_YOUR TASK_:
Look through the data below and extract, unchanged, the lines from the one that contains "Mongolia Independence Day" to the one that contains "thumbnail image 3", both included.

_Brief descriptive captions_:
______________________________
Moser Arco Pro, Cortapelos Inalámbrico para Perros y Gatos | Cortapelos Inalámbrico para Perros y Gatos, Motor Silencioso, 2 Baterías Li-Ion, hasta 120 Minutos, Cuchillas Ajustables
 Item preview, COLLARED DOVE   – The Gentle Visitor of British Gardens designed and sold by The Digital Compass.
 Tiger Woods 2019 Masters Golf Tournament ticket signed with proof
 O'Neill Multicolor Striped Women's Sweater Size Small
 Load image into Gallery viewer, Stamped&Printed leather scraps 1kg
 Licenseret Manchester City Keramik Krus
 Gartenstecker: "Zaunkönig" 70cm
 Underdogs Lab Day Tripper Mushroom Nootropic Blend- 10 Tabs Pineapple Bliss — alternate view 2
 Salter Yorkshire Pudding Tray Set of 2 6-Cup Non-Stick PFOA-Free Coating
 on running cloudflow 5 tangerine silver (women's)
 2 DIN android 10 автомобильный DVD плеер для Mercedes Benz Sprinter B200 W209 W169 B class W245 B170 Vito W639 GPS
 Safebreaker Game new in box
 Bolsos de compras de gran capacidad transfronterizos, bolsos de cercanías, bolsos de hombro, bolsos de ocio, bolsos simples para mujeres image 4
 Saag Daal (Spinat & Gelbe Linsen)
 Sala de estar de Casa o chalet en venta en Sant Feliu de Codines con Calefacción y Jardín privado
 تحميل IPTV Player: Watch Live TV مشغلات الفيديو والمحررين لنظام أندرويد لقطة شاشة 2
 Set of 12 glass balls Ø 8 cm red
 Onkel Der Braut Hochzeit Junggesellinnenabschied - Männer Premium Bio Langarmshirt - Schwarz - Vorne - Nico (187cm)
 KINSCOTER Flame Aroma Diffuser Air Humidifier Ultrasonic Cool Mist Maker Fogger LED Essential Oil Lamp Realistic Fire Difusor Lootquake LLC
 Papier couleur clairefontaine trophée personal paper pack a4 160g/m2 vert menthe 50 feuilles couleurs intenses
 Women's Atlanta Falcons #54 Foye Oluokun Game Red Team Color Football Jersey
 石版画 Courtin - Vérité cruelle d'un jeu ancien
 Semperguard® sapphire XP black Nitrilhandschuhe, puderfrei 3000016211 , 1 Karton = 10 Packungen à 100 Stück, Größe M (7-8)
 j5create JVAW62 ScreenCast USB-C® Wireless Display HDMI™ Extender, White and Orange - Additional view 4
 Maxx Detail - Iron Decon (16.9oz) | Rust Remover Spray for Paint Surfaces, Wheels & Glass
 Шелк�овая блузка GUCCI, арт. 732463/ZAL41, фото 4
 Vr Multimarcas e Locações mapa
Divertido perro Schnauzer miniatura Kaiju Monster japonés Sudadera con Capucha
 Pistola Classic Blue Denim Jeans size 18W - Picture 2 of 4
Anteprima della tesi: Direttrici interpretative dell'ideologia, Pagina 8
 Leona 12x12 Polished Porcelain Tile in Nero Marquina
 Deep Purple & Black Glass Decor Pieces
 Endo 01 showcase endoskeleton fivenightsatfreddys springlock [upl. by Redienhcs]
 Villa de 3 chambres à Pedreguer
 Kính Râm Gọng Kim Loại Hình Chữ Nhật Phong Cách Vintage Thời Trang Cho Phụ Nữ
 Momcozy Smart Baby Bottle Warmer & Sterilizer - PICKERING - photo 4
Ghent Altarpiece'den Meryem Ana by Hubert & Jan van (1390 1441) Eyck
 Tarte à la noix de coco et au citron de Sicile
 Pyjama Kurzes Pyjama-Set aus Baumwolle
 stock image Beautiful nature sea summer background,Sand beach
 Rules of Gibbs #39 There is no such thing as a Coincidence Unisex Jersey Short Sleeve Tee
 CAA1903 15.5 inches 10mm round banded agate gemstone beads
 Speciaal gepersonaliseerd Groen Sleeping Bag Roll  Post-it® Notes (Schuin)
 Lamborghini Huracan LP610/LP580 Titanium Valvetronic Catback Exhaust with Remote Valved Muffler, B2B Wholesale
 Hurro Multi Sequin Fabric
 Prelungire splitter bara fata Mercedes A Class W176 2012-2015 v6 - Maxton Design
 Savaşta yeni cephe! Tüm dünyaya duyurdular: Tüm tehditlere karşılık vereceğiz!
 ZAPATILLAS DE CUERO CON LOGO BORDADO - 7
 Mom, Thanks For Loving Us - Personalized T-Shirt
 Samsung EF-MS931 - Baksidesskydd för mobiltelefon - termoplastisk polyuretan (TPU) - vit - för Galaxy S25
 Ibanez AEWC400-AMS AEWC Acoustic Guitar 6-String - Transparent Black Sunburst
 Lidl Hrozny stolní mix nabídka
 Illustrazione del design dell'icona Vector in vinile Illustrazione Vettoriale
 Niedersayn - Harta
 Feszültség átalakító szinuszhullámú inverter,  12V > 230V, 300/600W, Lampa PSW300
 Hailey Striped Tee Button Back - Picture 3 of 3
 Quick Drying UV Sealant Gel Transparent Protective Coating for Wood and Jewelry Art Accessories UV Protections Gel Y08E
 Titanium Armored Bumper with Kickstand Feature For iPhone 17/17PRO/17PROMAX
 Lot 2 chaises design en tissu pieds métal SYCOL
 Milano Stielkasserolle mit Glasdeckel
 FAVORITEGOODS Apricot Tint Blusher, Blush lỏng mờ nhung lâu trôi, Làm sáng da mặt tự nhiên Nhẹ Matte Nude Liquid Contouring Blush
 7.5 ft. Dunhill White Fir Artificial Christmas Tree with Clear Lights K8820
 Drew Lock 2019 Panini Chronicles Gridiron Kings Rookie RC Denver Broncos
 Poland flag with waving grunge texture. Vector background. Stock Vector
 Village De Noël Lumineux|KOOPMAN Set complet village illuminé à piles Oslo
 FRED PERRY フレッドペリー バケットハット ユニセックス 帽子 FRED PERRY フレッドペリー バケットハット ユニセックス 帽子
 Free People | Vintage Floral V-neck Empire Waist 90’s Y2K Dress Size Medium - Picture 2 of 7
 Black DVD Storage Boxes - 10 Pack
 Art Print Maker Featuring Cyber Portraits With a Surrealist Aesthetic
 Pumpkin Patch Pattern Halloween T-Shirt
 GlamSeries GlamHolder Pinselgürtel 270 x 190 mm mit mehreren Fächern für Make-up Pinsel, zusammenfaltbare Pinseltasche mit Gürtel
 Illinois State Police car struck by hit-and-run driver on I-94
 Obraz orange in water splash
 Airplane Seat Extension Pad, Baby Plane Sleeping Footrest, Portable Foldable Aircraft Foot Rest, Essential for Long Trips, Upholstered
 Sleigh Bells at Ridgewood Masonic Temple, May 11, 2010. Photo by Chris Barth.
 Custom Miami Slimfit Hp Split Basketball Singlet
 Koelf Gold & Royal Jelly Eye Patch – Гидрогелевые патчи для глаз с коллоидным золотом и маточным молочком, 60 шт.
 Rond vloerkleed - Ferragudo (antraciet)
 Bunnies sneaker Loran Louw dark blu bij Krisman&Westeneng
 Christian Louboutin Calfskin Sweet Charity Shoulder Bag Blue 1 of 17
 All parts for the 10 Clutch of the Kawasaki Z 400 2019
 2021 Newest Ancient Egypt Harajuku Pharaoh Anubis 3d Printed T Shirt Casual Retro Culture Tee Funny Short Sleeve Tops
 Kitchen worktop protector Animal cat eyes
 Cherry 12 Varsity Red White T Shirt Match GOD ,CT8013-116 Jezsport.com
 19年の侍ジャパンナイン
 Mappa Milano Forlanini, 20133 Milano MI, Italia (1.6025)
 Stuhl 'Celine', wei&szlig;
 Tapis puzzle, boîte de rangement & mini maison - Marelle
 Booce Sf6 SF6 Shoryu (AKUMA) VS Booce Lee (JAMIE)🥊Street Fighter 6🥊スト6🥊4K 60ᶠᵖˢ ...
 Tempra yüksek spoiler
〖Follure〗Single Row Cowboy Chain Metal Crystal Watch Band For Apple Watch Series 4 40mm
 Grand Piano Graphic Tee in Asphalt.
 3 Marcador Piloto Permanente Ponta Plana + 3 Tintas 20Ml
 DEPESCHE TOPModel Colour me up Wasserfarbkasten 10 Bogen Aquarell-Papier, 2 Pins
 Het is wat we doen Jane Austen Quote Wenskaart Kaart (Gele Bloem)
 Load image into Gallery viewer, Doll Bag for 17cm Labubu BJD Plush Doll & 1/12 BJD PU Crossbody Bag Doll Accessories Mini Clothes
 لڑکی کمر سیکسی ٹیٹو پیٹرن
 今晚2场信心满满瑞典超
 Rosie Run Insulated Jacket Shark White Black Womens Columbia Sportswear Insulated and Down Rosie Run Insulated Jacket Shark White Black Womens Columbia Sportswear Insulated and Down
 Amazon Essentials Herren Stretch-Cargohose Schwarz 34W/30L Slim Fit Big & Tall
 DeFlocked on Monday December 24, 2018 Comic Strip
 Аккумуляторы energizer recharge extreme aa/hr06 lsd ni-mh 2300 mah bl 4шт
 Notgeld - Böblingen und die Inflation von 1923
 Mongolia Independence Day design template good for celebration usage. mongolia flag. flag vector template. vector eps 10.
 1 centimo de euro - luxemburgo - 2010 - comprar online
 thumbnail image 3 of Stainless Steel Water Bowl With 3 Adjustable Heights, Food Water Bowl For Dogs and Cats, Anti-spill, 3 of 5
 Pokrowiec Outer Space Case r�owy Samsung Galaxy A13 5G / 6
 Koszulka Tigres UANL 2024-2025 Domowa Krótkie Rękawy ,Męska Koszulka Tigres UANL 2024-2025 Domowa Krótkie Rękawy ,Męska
______________________________
_TASK RESPONSE_:
 Mongolia Independence Day design template good for celebration usage. mongolia flag. flag vector template. vector eps 10.
 1 centimo de euro - luxemburgo - 2010 - comprar online
 thumbnail image 3 of Stainless Steel Water Bowl With 3 Adjustable Heights, Food Water Bowl For Dogs and Cats, Anti-spill, 3 of 5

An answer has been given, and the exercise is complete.